Cause-to-effect diagram

The cause-to-effect diagram is used to translate the voice of the customer into true, product-independent customer needs. Steve Jobs, co-founder of Apple Computer, said, “It sounds logical to ask customers what they want and then give it to them. But they rarely wind up getting what they want that way.” Yoji Akao wrote that, “If a means of implementation or measure has been specified, the demands underlying why such a means or measure must be captured.” This means that the voice of the customer is considered an unprocessed input from which true customer needs must be extracted. In other words, customers are more likely to specify the performance or features they require without explanation of why they want them. The customer then sub-consciously translates their “why” or benefit and verbalizes a solution requirement. This creates three concerns. First, the customer’s translation may be incomplete or wrong because they are not as expert in the solution as the provider, which is why they are seeking an outside provider. Second, the provider can meet or exceed the verbalized requirements yet still fail to satisfy the unspoken needs of the customer. Finally, this limits the opportunity for the provider to innovate faster, better, cheaper or more profitable solutions. Merely meeting verbalized solution requirements reduces competitive advantage which adds risk to both the customer and the provider. The cause-to-effect diagram often shows multiple effects from each verbalized causal factor.

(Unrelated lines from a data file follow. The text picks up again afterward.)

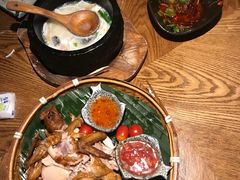 -云海肴·汽锅鸡·云南菜(天山百盛优客店)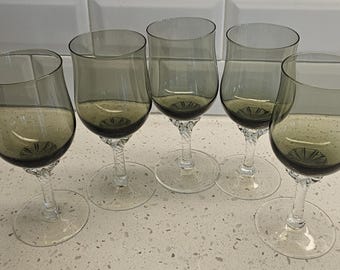 Juego de 5 copas de cristal Sasaki Coronation color gris ahumado vintage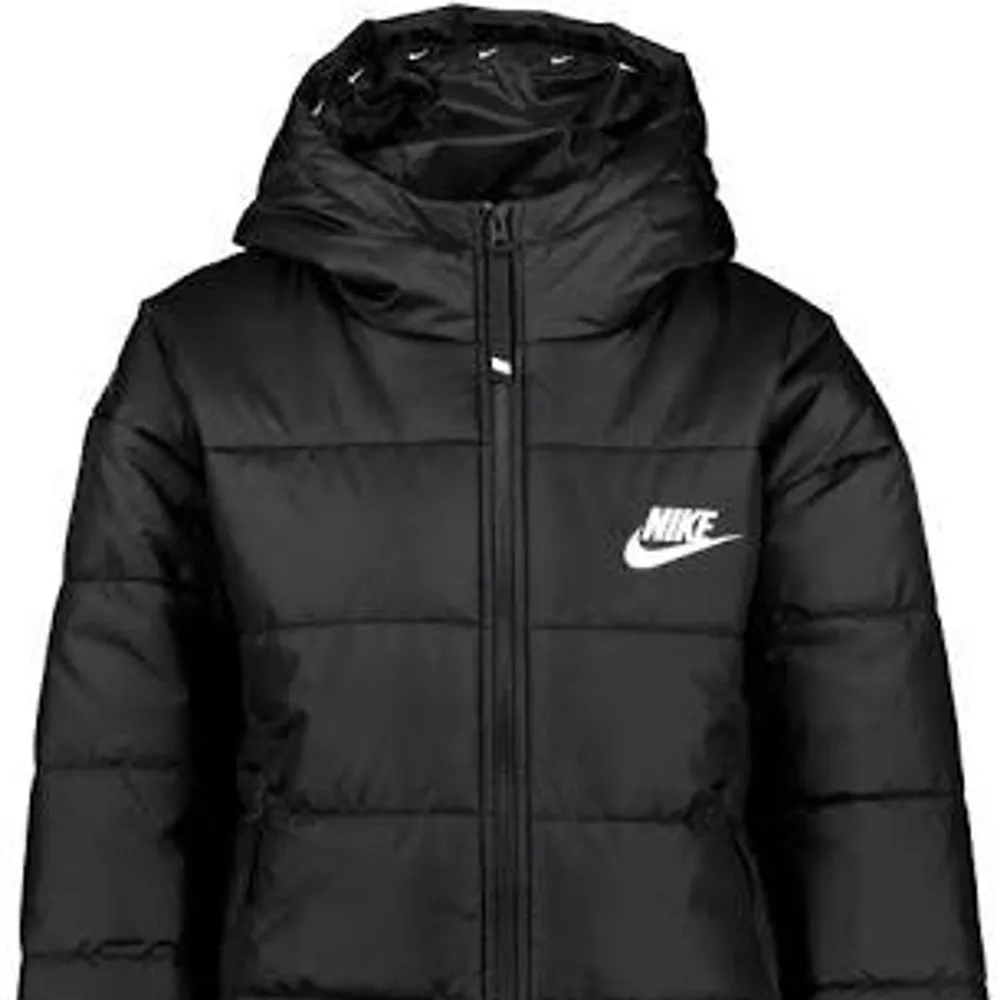 Nike jacka i storlek S. Säljes pågrund av att jag köpt en annan jacka. Nypris 1499 kr mitt pris 1000 kr + frakt. Inte mycket andvänd, köpt förra året. Super snygg och varm jacka 💕💕. Jackor.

Here is an example for a café. A customer enters and says to the barista, “I need a hot cup of coffee.” Since the barista is the provider, QFD classifies the verbalized statement not as a true need (even though they used the word “need”) but rather a fuzzy list of product requirements or specifications of hot, cup, and coffee. For the requirement “hot,” the wishbone or cause-to-effect diagram shown in Figure 1 is constructed by asking the customer why they want something “hot.” Their response might be “I am cold and want to feel warm,” “I am stressed and want to feel relaxed,” “I'm upset and want to feel distracted,” and “I want something to do while waiting for a friend.” These effects are the benefits they seek, and so QFD calls these true customer needs. As defined above, these are statements of their problem, opportunity, or look good/feel good situation.

Addressing the three concerns, coffee may agitate rather than relax them, 212°F coffee may be too hot to drink so they cannot warm up, and there may be more innovative technologies to deliver warmth besides temperature such as alcohol (Irish coffee), spice (chili pepper, curry), a squeezable cup that provides exercise, or something else. Additional diagrams could be made for “cup” and “coffee.” These wishbone diagrams are consolidated in a customer voice table as detailed in ISO 16355-4.

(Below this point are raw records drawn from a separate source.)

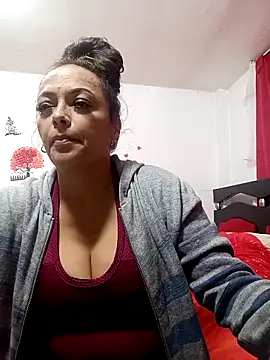 Lady 16 online show from 10-11-25, 11:14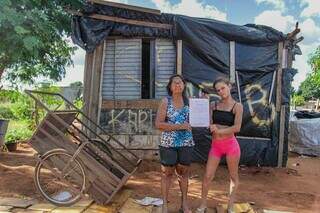  Ana Karla e Neusa dos Santos Guerrise em terreno regularizado na Só por Deus. (Foto: Marcos Maluf)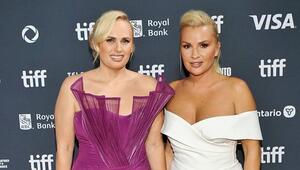 Rebel Wilson und Ramona Agruma sind seit dem Sommer 2022 offiziell zusammen und Eltern einer ...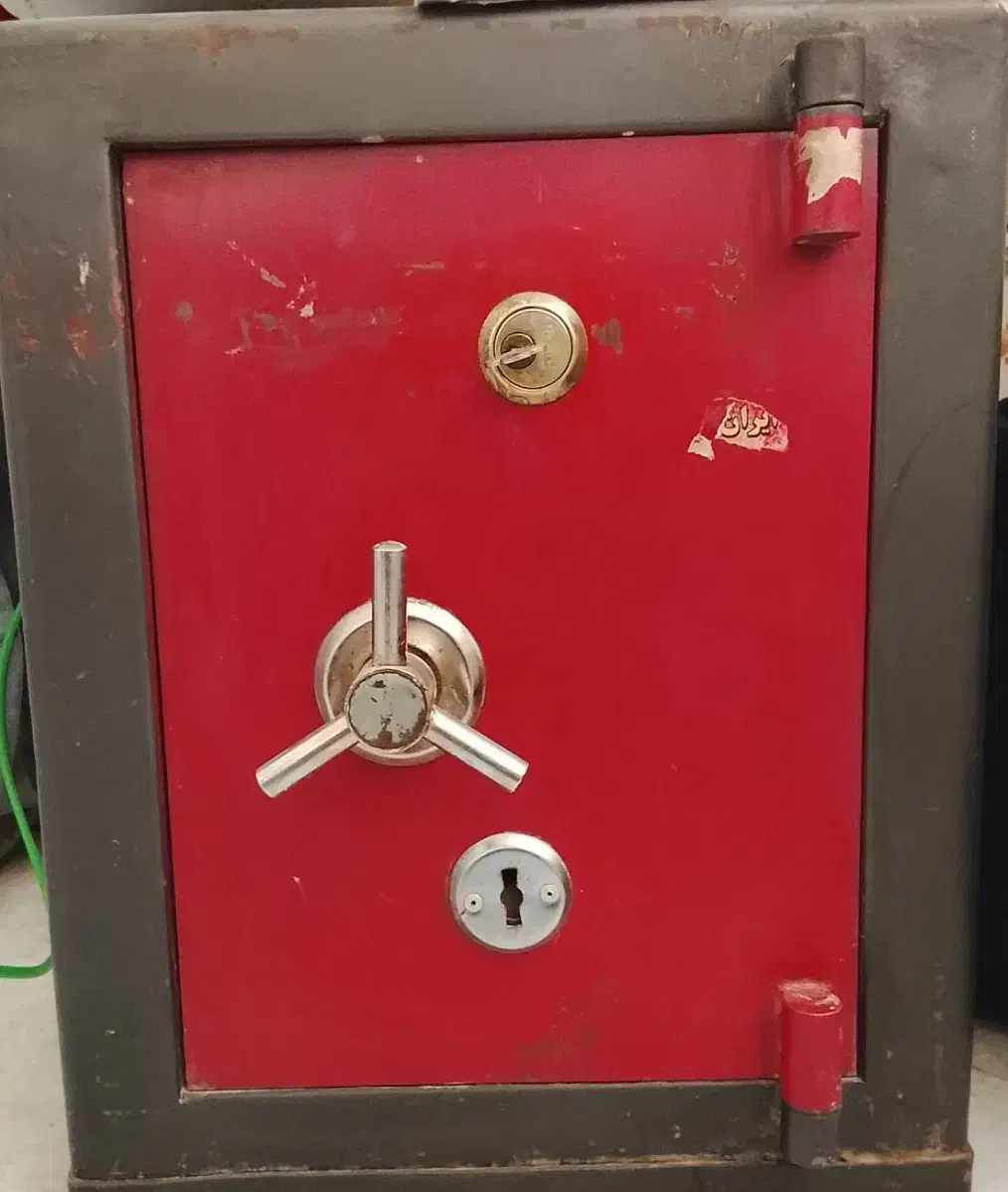 گاوصندوق|ابزارآلات|زاهدان, |دیوار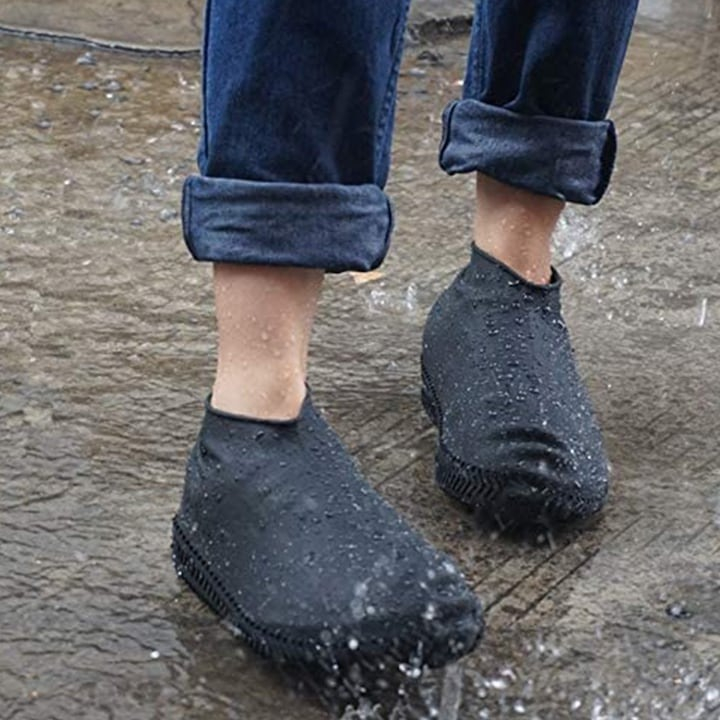 Set 2 x husa pentru protectie incaltaminte, latex, impermeabila, unisex, marime M 34-40 cm, antiderapanta, reutilizabila, negru [5]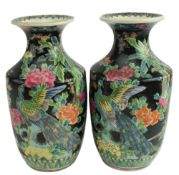 PAIR OF 20TH CENTURY JAPANESE FAMILLE NOIR ENAMELED VASES 日本黑地彩绘绘瓶一对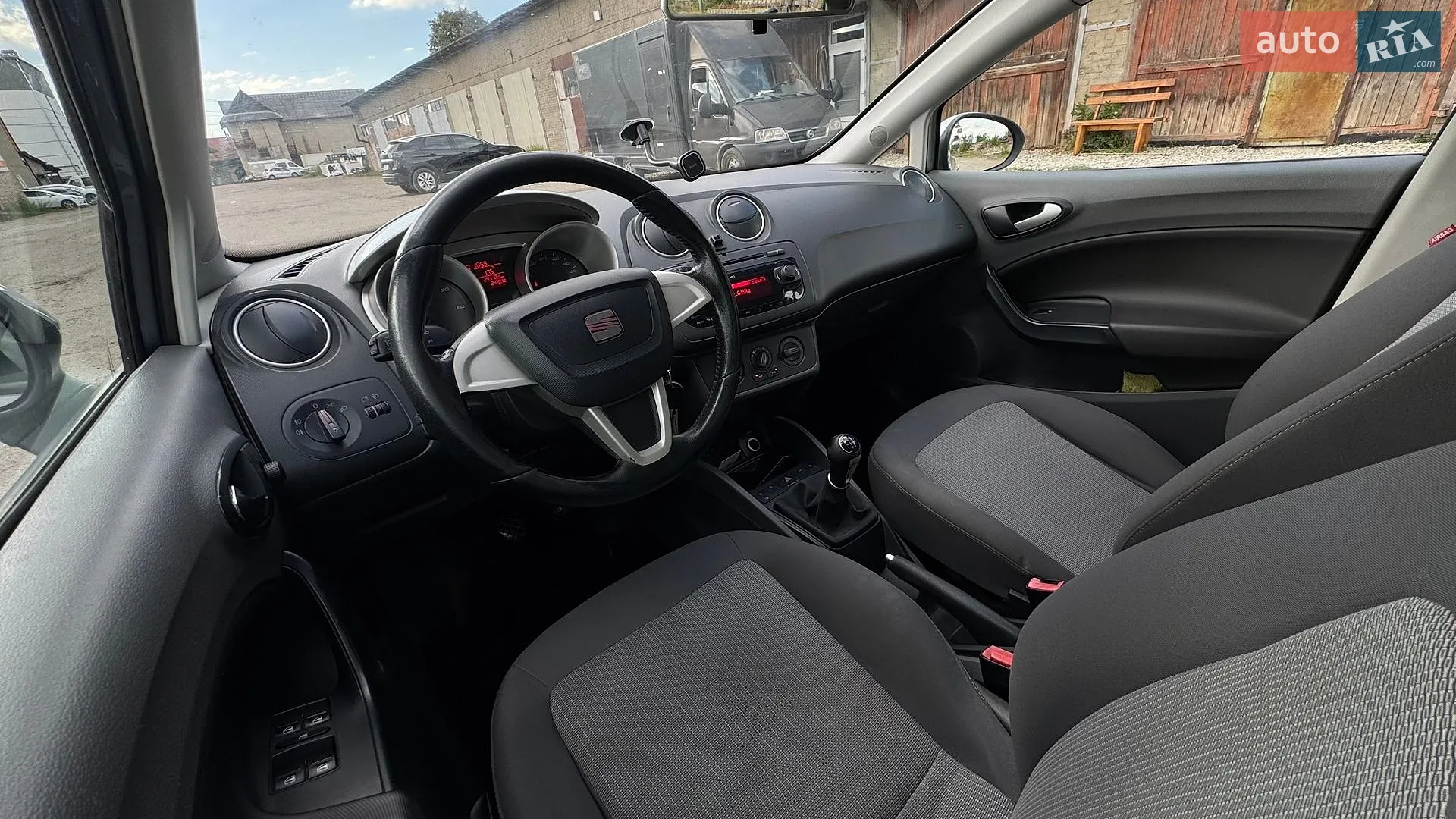 2011 SEAT Ibiza - мініатюра 9
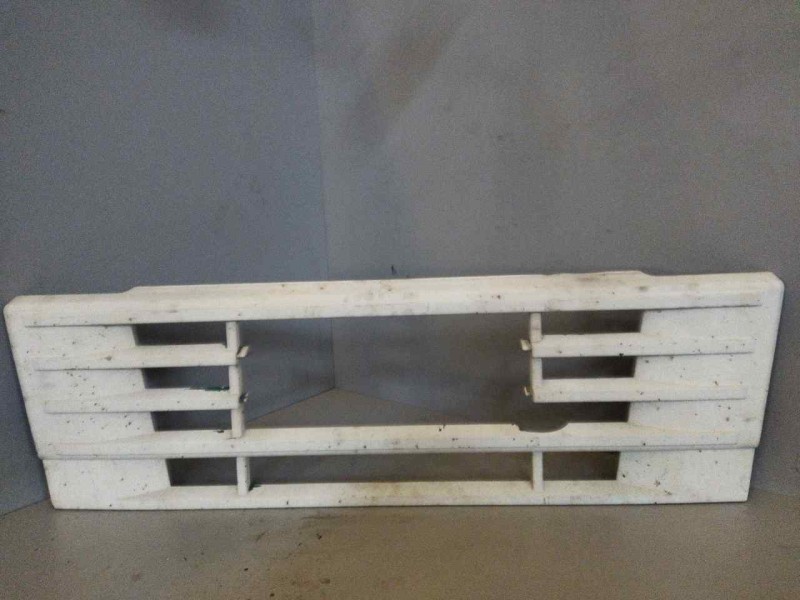Recambio de rejilla delantera central para volvo fm 12 asta 2001 12.1 diesel (d12d420) referencia OEM IAM 1063509  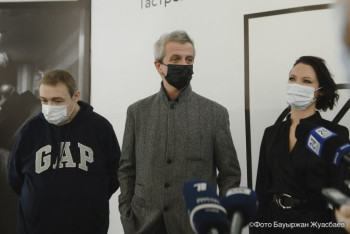 Фотография к новости: Супергерой эпохи застоя: Константин Богомолов привез спектакль в Казахстан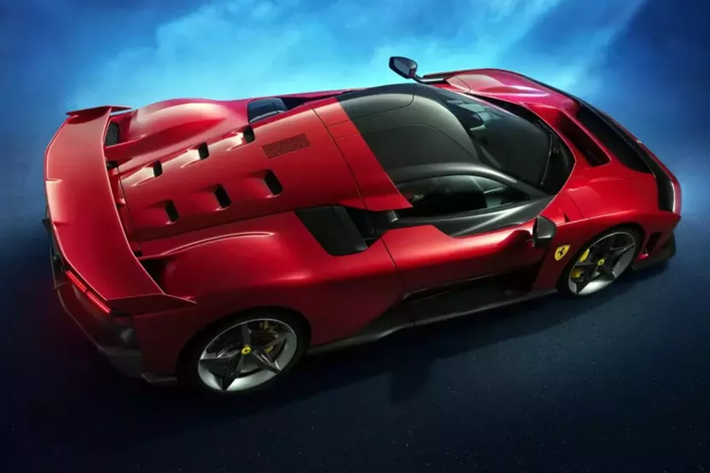 Ferrari F80 gợi nhớ đến những chiếc xe ngày xưa hơn khi các nút bấm vật lý quay trở lại trên các nan hoa bên hông. Bánh xe này cũng sẽ được sử dụng trên các mẫu xe Ferrari trong tương lai, báo hiệu rằng trải nghiệm hoàn toàn kỹ thuật số được sử dụng trước đây trong những năm gần đây không phải là giải pháp lý tưởng cho hiệu suất cao.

Cause-to-effect wishbone diagram for a café
Figure 1: Cause-to-effect wishbone diagram for a café Image Source: © QFD Institute

Customers are then asked to prioritize their needs. The AHP method is recommended due to its ratio scale number precision. Blitz QFD® deploys the highest prioritized needs into a solution using an effect-to-cause wishbone diagram to indicate the most critical-to-quality characteristics (CTQ) in performance, function, implementing technology, systems and sub-systems, components, raw materials, equipment and facilities, operations, training, and after-sales support. Comprehensive QFD does this for all customer needs which improves future reuse of the charts.